Take in the absolute ethyl alcohol that 10g or so polymer emulsions are added dropwise in about 300ml stirrings, there are a large amount of white solids Separate out, suction filtration drying much filtrate after standing a few hours, it is 34.6% to be measured with weight method and can separate out solid content; Emulsion is directly used into total salinity 180000mg/L (wherein Ca2++Mg2+Salt solution 5000mg/L) is made into 0.15% Solution, stirring several minutes can obtain homogeneous solution, at 90 DEG C use Brookfield viscometer, shear rate 7.34s-1 Under the apparent viscosity that measures be 41mPas, 90 DEG C of viscosity retention ratios after aging 30 days are 90.3%.
【Embodiment 6】
192g kerosene, 32g Span80,4.2g Tween80, HLB value=5.5, propylene are first added in a kettle. Sour octadecyl ester 2.6g, AIBN0.5g, stir to being mixed thoroughly, and control temperature in the kettle for 21 DEG C, and stirring turns Speed is 200rpm.168g deionized waters, disodium ethylene diamine tetraacetate (EDTA) are first added in other container 0.1g, 2- acrylamide-2-methylpro panesulfonic acid (AMPS) 29.3g, acrylamide (AM) 152g, acryloyl Oxy-ethyl-trimethyl salmiac 12g, stirring to being mixed thoroughly, with the equimolar NaOH of AMPS (NaOH) neutralized and pH is adjusted to 7, added the poly- second that the trade mark is K30 (molecular weight about 40000) Vinyl pyrrolidone (PVP) 1.92g is simultaneously stirred standby as aqueous phase solution to being mixed thoroughly.This solution is delayed In slow input reactor, stirring is increased to rotating speed 1000rpm emulsification 30min, rotating speed is then down to 300rpm, First instill concentration be 10% ammonium persulfate (APS) aqueous solution 4.1g, 5min after be slowly dropped into 1% sulfurous acid Hydrogen sodium (MBS) aqueous solution 12.3g, reaction temperature is raised slowly to 56 DEG C during this, and bath temperature is risen to 50 DEG C carry out insulation reaction, are discharged after 4 hours, and product is White-opalescent emulsion form system, can stablize storage half More than year.

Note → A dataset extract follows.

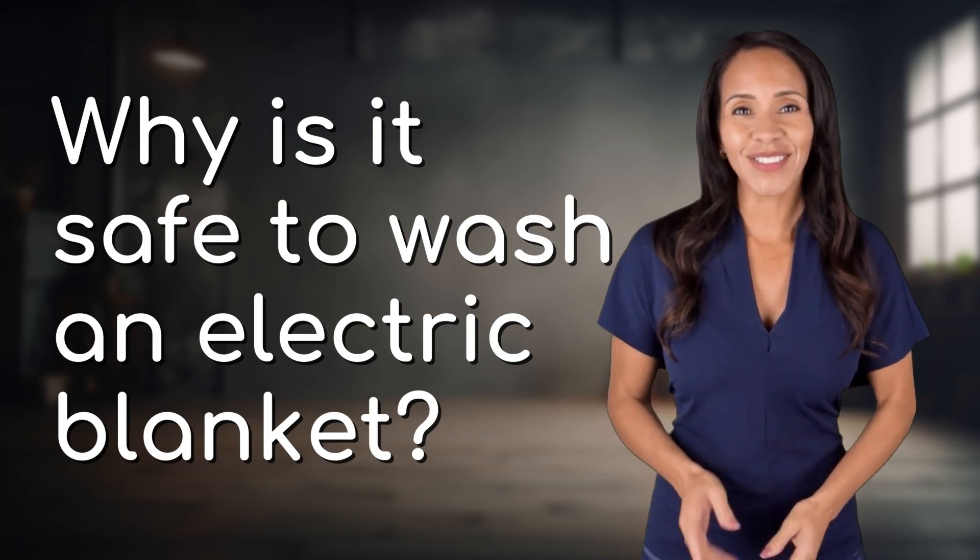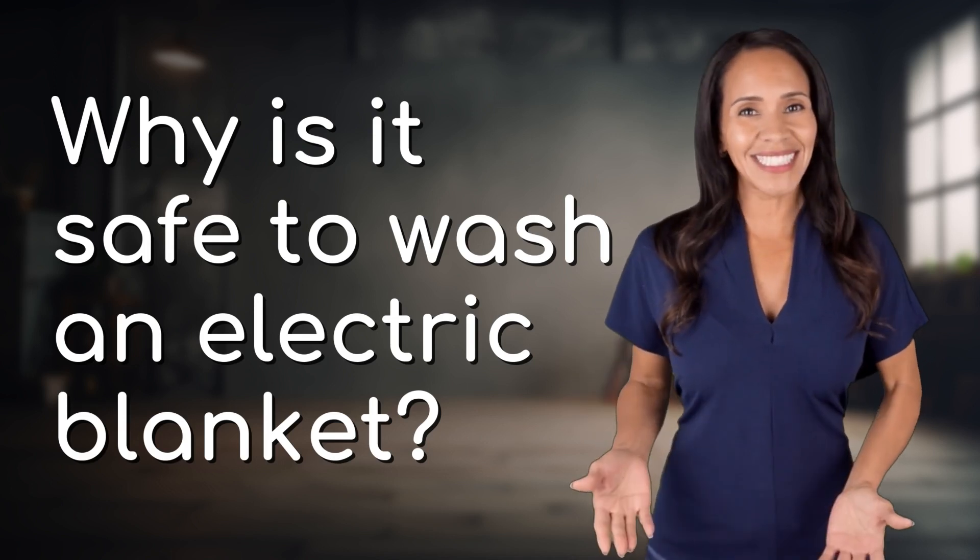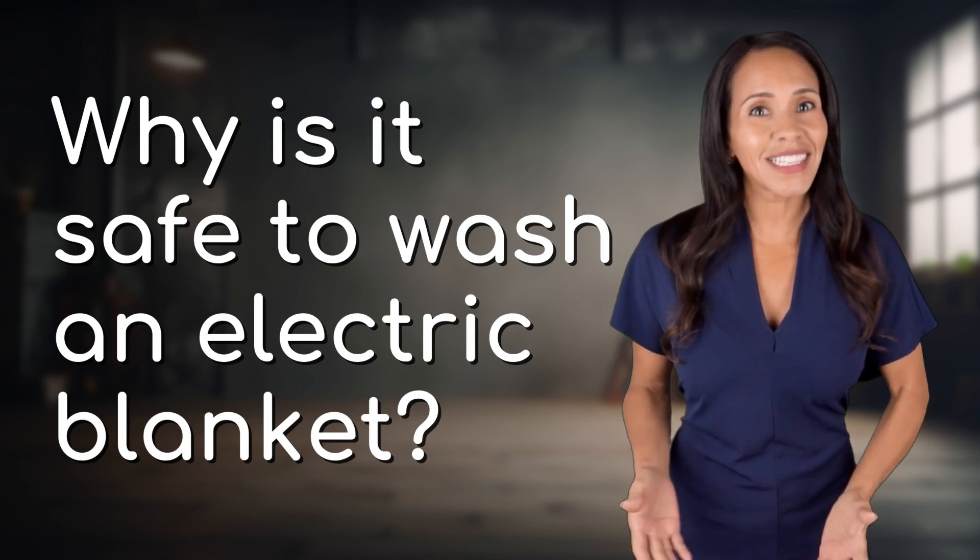Rapid Fire Answers coming your way. What's today's burning question? Let's find out.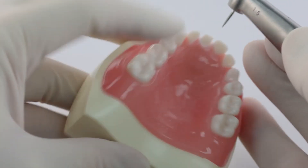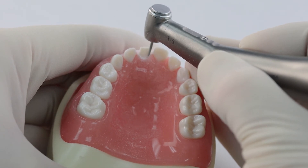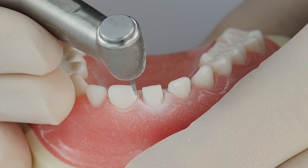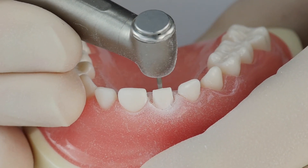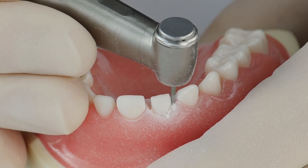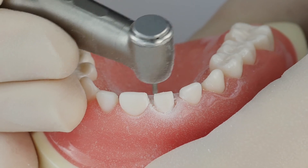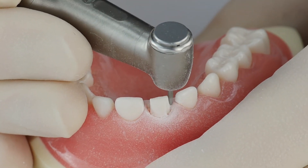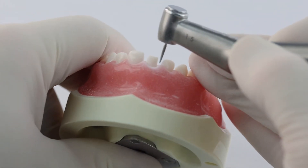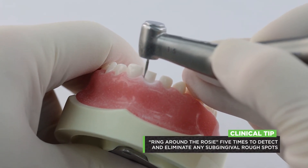Now I'm going to do the lingual, which is basically the same thing. We're going to come in just a little bit to start to peel away that ledge. Once that ledge starts to disappear, you can upright your burr more and then go in the required millimeter and a half to two millimeters. And when everything else is done, you're going to do the ring around the rosie five times — once again, angle that burr in just a little bit.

Take in the absolute ethyl alcohol that 10g or so polymer emulsions are added dropwise in about 300ml stirrings, there are a large amount of white solids to analyse Go out, suction filtration drying much filtrate after standing a few hours, it is 34.6% to be measured with weight method and can separate out solid content;Will Emulsion directly uses total salinity 180000mg/L (wherein Ca2++Mg2+Salt solution 5000mg/L) is made into 0.15% Solution, stirring several minutes can obtain homogeneous solution, at 90 DEG C use Brookfield viscometer, shear rate 7.34s-1 Under the apparent viscosity that measures be 43mPas, 90 DEG C of viscosity retention ratios after aging 30 days are 93.2%.
【Embodiment 7】
In a kettle. first add 190g hexamethylenes, 24.14g Span80,7.06g Tween60, HLB value=6.7, Stirring controls temperature in the kettle for 21 DEG C to being mixed thoroughly, and speed of agitator is 200rpm.In other container It is middle first to add 162g deionized waters, disodium ethylene diamine tetraacetate (EDTA) 0.16g, 2- acrylamido -2- first Base propane sulfonic acid (AMPS) 42g, acrylamide (AM) 148g, hexadecyldimethyl benzyl ammonium allyl ammonium chloride 1.2g, Stirring to being mixed thoroughly, with being neutralized with the equimolar NaOH of AMPS (NaOH) and by pH 7 are adjusted to, the trade mark are added for polyvinyl alcohol (PVA) 1.26g of 1788 (molecular weight about 80000) and is stirred extremely It is mixed thoroughly standby as aqueous phase solution.During this solution slowly put into reactor, stirring is increased to rotating speed 1000rpm emulsifies 30min, and rotating speed then is down into 300rpm, first instills the ammonium persulfate that concentration is 10% (APS) 1% sodium hydrogensulfite (MBS) aqueous solution 19.8g is slowly dropped into after aqueous solution 3.2g, 5min, this During reaction temperature be raised slowly to 54 DEG C, bath temperature is risen into 55 DEG C carries out insulation reaction, goes out after 5 hours Material, product is White-opalescent emulsion form system, can stablize and deposit more than half a year.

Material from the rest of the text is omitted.